Page 1 of 2 [1] 2 Next page →

#5113 — Storing large strings for future equality checks

From	Abu Yahya <abu_yahya@invalid.com>
Date	2011-06-08 22:05 +0530
Subject	Storing large strings for future equality checks
Message-ID	<iso8cm$a80$1@speranza.aioe.org>

A small application that I'm making requires me to store very long 
strings (>1000 characters) in a database.

I will need to use these strings later to compare for equality to 
incoming strings from another application. I will also want to add some 
of the incoming strings to the storage, if they meet certain criteria.

For my application, I get a feeling that storing these strings in my 
table will be a waste of space, and will impact performance due to 
retrieval and storage times, as well as comparison times.

I considered using an SHA-512 hash of these strings and storing them in 
the database. However, while these will save on storage space, it will 
take time to do the hashing before comparing an incoming string. So I'm 
still wasting time. (Collisions due to hashing will not be a problem, 
since an occasional false positive will not be fatal for my application).

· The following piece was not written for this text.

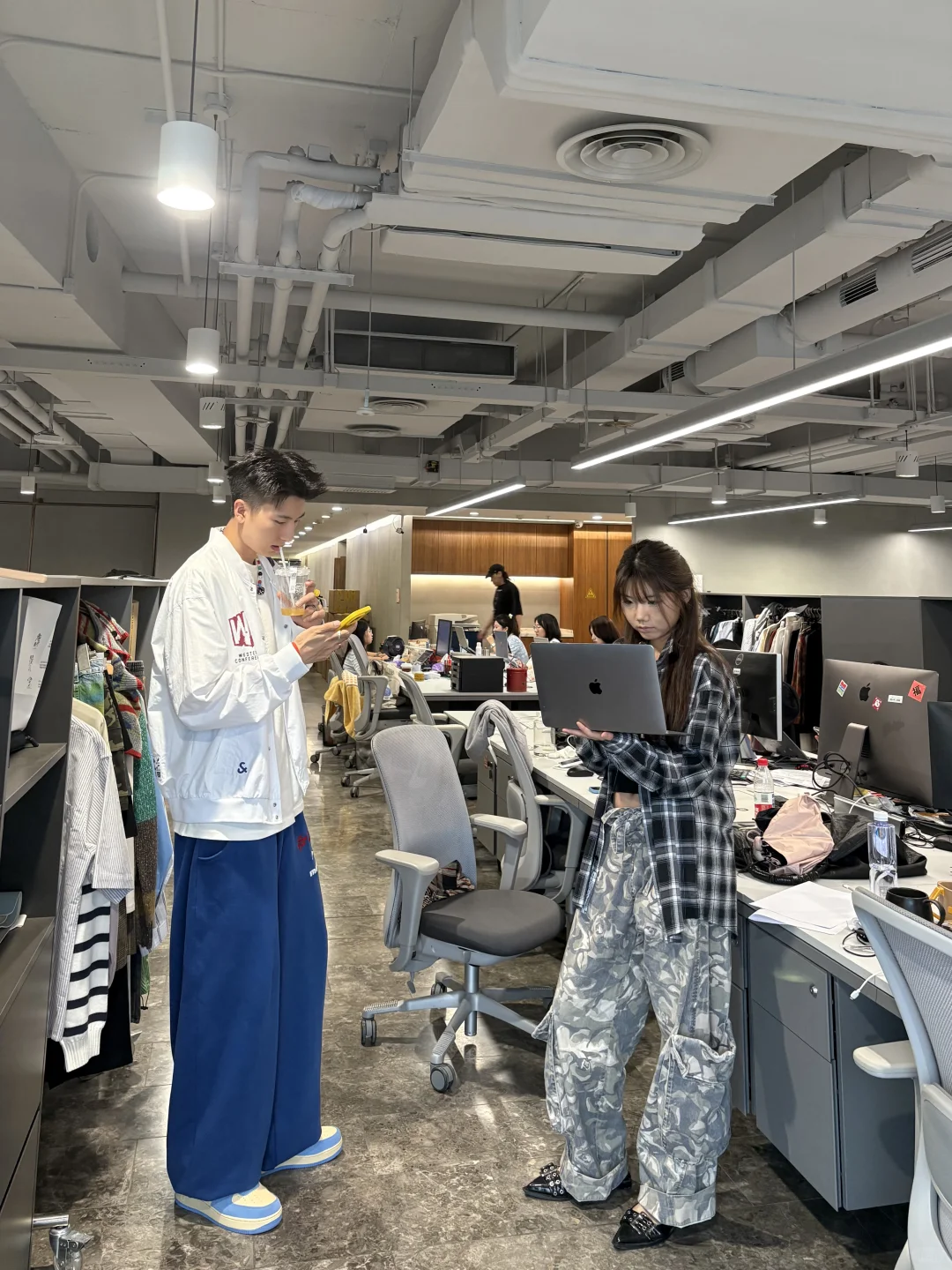 有精致衣服不穿，说明生存环境和衣服不匹配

What would be the best approach?

[toc] | [next] | [standalone]

#5115

From	markspace <-@.>
Date	2011-06-08 09:49 -0700
Message-ID	<iso96r$pml$1@dont-email.me>
In reply to	#5113

On 6/8/2011 9:35 AM, Abu Yahya wrote:

> I considered using an SHA-512 hash of these strings and storing them in
> the database. However, while these will save on storage space, it will
> take time to do the hashing before comparing an incoming string. So I'm
> still wasting time. (Collisions due to hashing will not be a problem,
> since an occasional false positive will not be fatal for my application).

You have to store the whole string.  Even if the SHA-512 hash codes are 
equal, it could be that the strings are different.  You'll have to 
eventually compare the raw string, even if the SHA is used as a 
quick-out case.

No one can really tell what is "faster" or "wasting time" until you can 
better characterize the usage patterns.  How big can these strings get? 
  How often will you get an actual duplicate?  What's the penalty when 
you need to add a new string?  You'll need to implement a few 
algorithms, profile them and then make a decision based on actual data.

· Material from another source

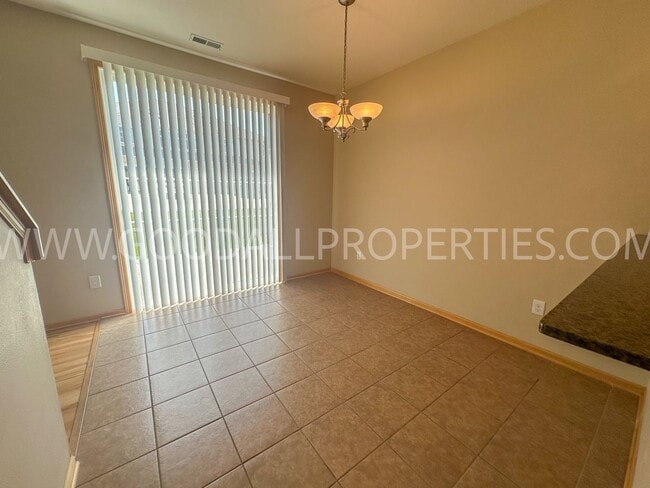 Photo - 3 Bedroom 2 1/2 Bath end unit townhome near Jordan Creek!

For Java, I'd store the strings in a WeakHashMap or similar to allow 
them to be cached, but tossed away when more storage is needed.  Also 
you should look into getting some DB caching library, much easier than 
implementing this yourself (sorry I can't personally recommend any).

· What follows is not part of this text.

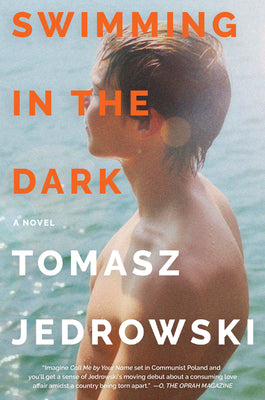Cover Image for Swimming in the Dark -- Tomasz Jedrowski, Paperback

[toc] | [prev] | [next] | [standalone]

#5118

From	Willem <willem@toad.stack.nl>
Date	2011-06-08 17:28 +0000
Message-ID	<slrniuvcac.2j1v.willem@toad.stack.nl>
In reply to	#5115

markspace wrote:
) On 6/8/2011 9:35 AM, Abu Yahya wrote:
)> I considered using an SHA-512 hash of these strings and storing them in
)> the database. However, while these will save on storage space, it will
)> take time to do the hashing before comparing an incoming string. So I'm
)> still wasting time. (Collisions due to hashing will not be a problem,
)> since an occasional false positive will not be fatal for my application).
)
) You have to store the whole string.  Even if the SHA-512 hash codes are 
) equal, it could be that the strings are different.  You'll have to 
) eventually compare the raw string, even if the SHA is used as a 
) quick-out case.

No he doesn't.  Read again.  Especially the last bit between parentheses.


SaSW, Willem
-- 
Disclaimer: I am in no way responsible for any of the statements
            made in the above text. For all I know I might be
            drugged or something..
            No I'm not paranoid. You all think I'm paranoid, don't you !
#EOT

[toc] | [prev] | [next] | [standalone]

#5124

From	Abu Yahya <abu_yahya@invalid.com>
Date	2011-06-08 23:45 +0530
Message-ID	<isoe88$pdj$2@speranza.aioe.org>
In reply to	#5118

On 6/8/2011 10:58 PM, Willem wrote:
> markspace wrote:
> ) On 6/8/2011 9:35 AM, Abu Yahya wrote:
> )>  I considered using an SHA-512 hash of these strings and storing them in
> )>  the database. However, while these will save on storage space, it will
> )>  take time to do the hashing before comparing an incoming string. So I'm
> )>  still wasting time. (Collisions due to hashing will not be a problem,
> )>  since an occasional false positive will not be fatal for my application).
> )
> ) You have to store the whole string.  Even if the SHA-512 hash codes are
> ) equal, it could be that the strings are different.  You'll have to
> ) eventually compare the raw string, even if the SHA is used as a
> ) quick-out case.
>
> No he doesn't.  Read again.  Especially the last bit between parentheses.
>

Yeah, it seems he missed that last part or read it incorrectly.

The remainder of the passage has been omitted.